監査公認会計士等の連結子会社に対する非監査業務の内容
(前連結会計年度)
連結子会社が監査公認会計士等に対して報酬を支払っている非監査業務の内容といたしましては、社債発行時のコンフォートレター作成の委託業務になります。
(当連結会計年度)
該当事項はありません。
b. 監査公認会計士等と同一のネットワークに対する報酬 (a. を除く)
| 区分 | 前連結会計年度 | 当連結会計年度 | ||
| 監査証明業務に 基づく報酬(百万円) | 非監査業務に 基づく報酬(百万円) | 監査証明業務に 基づく報酬(百万円) | 非監査業務に 基づく報酬(百万円) | |
| 提出会社 | - | 240 | - | 335 |
| 連結子会社 | 1,175 | 26 | 1,271 | 72 |
| 計 | 1,175 | 266 | 1,271 | 407 |
監査公認会計士等と同一のネットワークの提出会社に対する非監査業務の内容
(前連結会計年度)
当社が監査公認会計士等と同一のネットワーク(デロイト トウシュ トーマツ リミテッド)に対して報酬を支払っている非監査業務の内容といたしましては、業務プロセスに関する助言業務になります。
(当連結会計年度)
当社が監査公認会計士等と同一のネットワーク(デロイト トウシュ トーマツ リミテッド)に対して報酬を支払っている非監査業務の内容といたしましては、組織構造再編に関する助言業務になります。

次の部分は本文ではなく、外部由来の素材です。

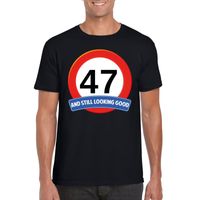 Verkeersbord 47 jaar t-shirt zwart heren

監査公認会計士等と同一のネットワークの連結子会社に対する非監査業務の内容
(前連結会計年度)
連結子会社が監査公認会計士等と同一のネットワーク(デロイト トウシュ トーマツ リミテッド)に対して報酬を支払っている非監査業務の内容といたしましては、税務コンプライアンス業務等になります。
(当連結会計年度)
連結子会社が監査公認会計士等と同一のネットワーク(デロイト トウシュ トーマツ リミテッド)に対して報酬を支払っている非監査業務の内容といたしましては、税務コンプライアンス業務等になります。
c. その他の重要な監査証明業務に基づく報酬の内容
該当事項はありません。
d. 監査報酬の決定方針
当社は、監査報酬の決定に際して、当社の事業規模や業務特性に応じた適正な監査時間について監査公認会計士等と十分な検討を行っております。
e. 監査役会が会計監査人の報酬等に同意した理由
監査役会は、会計監査人の監査計画の内容、会計監査の職務遂行状況及び報酬見積りの算出根拠などが適切であるかどうかについて必要な検証を行ったうえで、会計監査人の報酬等の額について合理的な水準であると認め、同意の判断をいたしました。